The National Front vote is fed by the rejection of the system, a rejection all the stronger as democracy is weak. The more the people are flouted, the more the FN rises. And even though the FN demonstrates year after year that it is a party like any other with regards to internal power struggles, advantages, and dubious financial practices, it nevertheless remains the main electoral beneficiary of the disrespect for popular will.

Abstention, constantly on the rise, takes on new faces. Besides disinterested abstention, there is a refusal-based abstention: a refusal to participate in a sham of citizen decision-making power, a refusal to endorse the existing system. Informed citizens, engaged in the associative world, now practice “militant abstentionism.” Resorting to Article 49-3 only confirms their inner conviction, reinforcing and legitimizing their withdrawal from electoral participation.

The temptation of direct democracy is strong and also accompanies a massive rejection of political personnel and mores. Ideas of random selection, a constituent assembly, citizen control, and the revocability of elected officials are strongly supported. Several parties and leftist figures advocate these new ideas, and many of us are calling for a Sixth Republic.

If the challenge to the El Khomri law through parliamentary channels fails on the altar of 49-3, only union action and Nuit Debout remain for protest. Nuit Debout develops a practice of direct democracy, sometimes in complete distrust of representative democracy. Young citizens there discover collective action in the rejection of all representation and the fear of political and media co-optation. In Nice, the debates over a possible Nuit Debout candidacy for partial legislative elections and, eventually, its withdrawal, are telling. Nuit Debout oscillates between experimental direct democracy and representative democracy.

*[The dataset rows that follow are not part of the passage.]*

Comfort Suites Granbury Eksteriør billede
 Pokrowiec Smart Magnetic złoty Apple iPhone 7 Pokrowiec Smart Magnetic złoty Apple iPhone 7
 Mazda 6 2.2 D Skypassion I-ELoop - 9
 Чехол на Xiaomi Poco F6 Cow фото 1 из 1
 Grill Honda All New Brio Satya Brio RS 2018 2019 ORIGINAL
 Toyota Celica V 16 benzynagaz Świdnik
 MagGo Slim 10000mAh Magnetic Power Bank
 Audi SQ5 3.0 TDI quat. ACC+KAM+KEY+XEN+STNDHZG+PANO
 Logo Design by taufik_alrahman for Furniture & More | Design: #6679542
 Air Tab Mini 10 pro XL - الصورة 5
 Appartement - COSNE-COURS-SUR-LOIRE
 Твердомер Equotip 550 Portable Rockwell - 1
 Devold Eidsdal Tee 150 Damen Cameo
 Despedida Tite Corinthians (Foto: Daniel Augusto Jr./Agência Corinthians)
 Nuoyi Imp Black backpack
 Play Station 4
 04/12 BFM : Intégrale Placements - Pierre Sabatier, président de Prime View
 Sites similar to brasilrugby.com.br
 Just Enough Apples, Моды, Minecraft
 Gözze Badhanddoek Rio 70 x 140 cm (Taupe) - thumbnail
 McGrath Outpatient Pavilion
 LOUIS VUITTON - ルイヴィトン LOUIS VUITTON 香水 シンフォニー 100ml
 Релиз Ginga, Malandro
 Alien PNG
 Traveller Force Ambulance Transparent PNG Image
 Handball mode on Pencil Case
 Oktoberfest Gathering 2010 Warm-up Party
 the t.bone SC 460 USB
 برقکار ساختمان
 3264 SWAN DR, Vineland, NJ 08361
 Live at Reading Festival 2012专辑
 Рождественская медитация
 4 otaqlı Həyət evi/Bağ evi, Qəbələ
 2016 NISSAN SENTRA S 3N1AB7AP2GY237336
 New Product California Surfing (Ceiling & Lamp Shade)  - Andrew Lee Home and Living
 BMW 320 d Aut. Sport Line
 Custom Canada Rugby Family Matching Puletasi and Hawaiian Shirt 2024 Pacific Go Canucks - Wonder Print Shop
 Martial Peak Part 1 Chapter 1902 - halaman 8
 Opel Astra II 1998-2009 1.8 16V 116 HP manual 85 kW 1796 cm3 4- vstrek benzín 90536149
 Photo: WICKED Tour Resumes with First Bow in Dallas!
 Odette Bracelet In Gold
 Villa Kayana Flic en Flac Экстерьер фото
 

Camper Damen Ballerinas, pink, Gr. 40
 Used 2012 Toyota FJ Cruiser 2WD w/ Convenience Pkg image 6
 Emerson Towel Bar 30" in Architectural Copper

As we see, the resorting to Article 49-3 contributes to a worst-case policy, totally irresponsible during these times of economic, social, and identity crises. Disrupting the balance of powers and weakening representative democracy is dangerous. At best, this process will strengthen citizen experiments from which an alternative may emerge, like Nuit Debout. At worst, it will massively drive abstention and its electoral corollary: the rise of the FN.